It's relatively rare for a Toronto-based company to move to Calgary. Business leaders say it will provide a symbolic boost to the city, which is experiencing a sluggish economy and downtown office vacancy rate above 20 per cent.
"It's been a long time since it's happened," said Mary Moran, president of Calgary Economic Development, who suggests other companies will take a more serious look at relocating to the city following the De Beers announcement.
"This is really important," she said. "We're a globally connected city, we have a highly educated workforce here that has exploration experience."
Some of the new hires are from the oil and gas industry.

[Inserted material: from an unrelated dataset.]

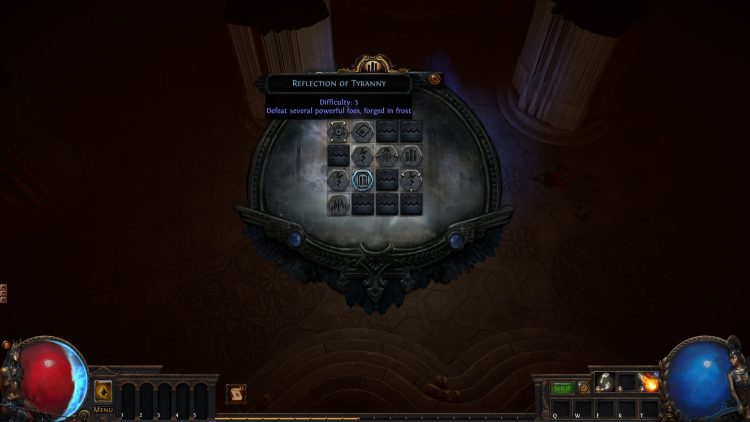 Path Of Exile Poe Lago de Kalandra Expansión Espejo Endgame Balance Gems 4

The Canadian head office for the global diamond mining and marketing company has a staff about 65 people. It operates one mine in northern Ontario and has two sites in the Northwest Territories.
The move is part of a restructuring process. It's shutting down its underground unprofitable Snap Lake diamond mine, which is 220 kilometres northeast of Yellowknife.
Later this year it's opening up its much larger Gahcho Kué project, located about 280 kilometres northeast of Yellowknife.
The company describes Snap Lake as a technically challenged project which was always financially challenged.
"It's been a troubled project from day one," said Truter.
De Beers produced about 1.8 million carats in Canada last year, a figure which is expected to increase to about 3 million when the new Gahcho Kué project is operating.